▸ To do
All lines in the material containing the word "Hair" need to be copied.

▸ Supplied entries
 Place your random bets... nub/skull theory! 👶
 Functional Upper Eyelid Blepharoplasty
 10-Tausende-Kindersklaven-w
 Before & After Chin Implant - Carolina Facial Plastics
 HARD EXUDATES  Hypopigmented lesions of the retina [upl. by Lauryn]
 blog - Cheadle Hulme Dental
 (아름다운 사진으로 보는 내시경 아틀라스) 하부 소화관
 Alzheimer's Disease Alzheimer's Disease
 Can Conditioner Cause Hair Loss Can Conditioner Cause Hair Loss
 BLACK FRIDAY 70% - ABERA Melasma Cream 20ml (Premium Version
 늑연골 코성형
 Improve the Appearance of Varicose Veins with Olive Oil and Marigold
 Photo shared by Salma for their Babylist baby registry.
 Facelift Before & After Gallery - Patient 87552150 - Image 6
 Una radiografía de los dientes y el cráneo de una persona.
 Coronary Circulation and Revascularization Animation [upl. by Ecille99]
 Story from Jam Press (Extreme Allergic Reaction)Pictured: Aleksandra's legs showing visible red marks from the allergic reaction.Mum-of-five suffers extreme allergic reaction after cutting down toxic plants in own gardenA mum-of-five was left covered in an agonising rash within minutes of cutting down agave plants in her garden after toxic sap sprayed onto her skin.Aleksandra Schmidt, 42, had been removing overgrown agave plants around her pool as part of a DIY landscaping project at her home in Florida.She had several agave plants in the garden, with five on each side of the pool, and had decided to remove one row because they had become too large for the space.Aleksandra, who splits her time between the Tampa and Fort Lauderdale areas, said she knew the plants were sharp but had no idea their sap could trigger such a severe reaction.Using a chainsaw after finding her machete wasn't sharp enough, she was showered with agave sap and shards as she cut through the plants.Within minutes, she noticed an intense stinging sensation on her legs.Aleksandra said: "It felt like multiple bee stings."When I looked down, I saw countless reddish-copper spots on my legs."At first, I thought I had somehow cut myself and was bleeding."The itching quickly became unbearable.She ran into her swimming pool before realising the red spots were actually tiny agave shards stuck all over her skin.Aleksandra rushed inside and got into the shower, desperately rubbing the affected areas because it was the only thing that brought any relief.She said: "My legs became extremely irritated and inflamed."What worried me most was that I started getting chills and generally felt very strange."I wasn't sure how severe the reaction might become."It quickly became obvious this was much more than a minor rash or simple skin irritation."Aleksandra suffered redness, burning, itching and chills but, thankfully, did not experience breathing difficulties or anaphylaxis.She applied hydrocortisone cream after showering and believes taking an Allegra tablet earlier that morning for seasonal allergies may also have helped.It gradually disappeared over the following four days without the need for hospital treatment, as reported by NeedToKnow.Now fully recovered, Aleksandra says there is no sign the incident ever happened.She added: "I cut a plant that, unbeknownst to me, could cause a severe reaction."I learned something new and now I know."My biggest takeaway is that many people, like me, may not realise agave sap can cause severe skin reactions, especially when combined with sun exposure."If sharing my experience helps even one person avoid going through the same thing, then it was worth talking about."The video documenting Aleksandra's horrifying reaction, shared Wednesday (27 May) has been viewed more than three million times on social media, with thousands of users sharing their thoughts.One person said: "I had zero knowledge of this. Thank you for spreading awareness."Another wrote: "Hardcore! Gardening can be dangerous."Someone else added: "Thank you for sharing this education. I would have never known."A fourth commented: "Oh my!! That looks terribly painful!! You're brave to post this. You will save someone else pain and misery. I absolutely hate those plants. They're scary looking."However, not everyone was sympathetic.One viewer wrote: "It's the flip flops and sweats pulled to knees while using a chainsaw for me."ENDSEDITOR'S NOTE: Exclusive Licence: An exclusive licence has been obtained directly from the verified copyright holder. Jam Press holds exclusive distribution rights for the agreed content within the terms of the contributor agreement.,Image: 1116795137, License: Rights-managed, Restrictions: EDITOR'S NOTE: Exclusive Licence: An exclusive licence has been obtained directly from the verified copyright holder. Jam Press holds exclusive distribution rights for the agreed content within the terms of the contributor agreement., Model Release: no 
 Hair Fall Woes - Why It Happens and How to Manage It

▸ Exercise answer
 Can Conditioner Cause Hair Loss Can Conditioner Cause Hair Loss
 Hair Fall Woes - Why It Happens and How to Manage It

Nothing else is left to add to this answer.